§ Aim of the exercise: Could you set down exactly the lines in the records below between the line holding "this 648×486 image." and the line holding "this 952×1269 image.", inclusive?

§ Provided data:

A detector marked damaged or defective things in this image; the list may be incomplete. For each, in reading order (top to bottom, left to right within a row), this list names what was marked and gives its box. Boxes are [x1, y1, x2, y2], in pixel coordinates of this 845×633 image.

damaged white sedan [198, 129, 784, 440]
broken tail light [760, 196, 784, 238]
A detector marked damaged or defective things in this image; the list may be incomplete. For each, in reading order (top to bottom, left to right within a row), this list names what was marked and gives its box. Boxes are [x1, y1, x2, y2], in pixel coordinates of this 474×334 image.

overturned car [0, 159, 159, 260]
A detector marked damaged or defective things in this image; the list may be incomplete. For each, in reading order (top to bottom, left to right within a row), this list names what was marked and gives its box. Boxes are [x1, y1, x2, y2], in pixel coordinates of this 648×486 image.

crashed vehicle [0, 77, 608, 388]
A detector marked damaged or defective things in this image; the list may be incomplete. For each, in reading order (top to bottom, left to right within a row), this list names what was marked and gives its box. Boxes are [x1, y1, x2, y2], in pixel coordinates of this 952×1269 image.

---

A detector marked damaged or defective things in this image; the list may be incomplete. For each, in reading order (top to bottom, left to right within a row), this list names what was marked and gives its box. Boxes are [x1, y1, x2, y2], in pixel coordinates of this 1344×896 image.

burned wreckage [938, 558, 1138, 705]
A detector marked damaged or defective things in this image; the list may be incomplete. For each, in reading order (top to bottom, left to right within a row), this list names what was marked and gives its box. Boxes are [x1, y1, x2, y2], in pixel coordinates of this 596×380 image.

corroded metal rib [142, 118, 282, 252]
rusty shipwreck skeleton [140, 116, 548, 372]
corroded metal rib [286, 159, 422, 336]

* * *

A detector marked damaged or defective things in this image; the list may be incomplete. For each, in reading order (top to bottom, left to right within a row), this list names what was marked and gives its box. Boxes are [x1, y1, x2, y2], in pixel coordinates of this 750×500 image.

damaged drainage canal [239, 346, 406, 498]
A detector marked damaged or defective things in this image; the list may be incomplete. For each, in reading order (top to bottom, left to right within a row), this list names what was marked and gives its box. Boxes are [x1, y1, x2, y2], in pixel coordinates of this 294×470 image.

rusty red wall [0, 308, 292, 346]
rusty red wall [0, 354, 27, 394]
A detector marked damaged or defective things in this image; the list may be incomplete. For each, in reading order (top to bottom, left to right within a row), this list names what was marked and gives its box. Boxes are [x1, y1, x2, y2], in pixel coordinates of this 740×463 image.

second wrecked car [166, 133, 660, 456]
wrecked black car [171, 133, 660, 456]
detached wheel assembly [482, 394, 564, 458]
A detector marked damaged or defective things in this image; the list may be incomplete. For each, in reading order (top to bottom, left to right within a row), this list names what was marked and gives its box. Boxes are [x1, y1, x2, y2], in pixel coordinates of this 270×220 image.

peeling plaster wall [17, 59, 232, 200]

§ Expected answer:
A detector marked damaged or defective things in this image; the list may be incomplete. For each, in reading order (top to bottom, left to right within a row), this list names what was marked and gives its box. Boxes are [x1, y1, x2, y2], in pixel coordinates of this 648×486 image.

crashed vehicle [0, 77, 608, 388]
A detector marked damaged or defective things in this image; the list may be incomplete. For each, in reading order (top to bottom, left to right within a row), this list names what was marked and gives its box. Boxes are [x1, y1, x2, y2], in pixel coordinates of this 952×1269 image.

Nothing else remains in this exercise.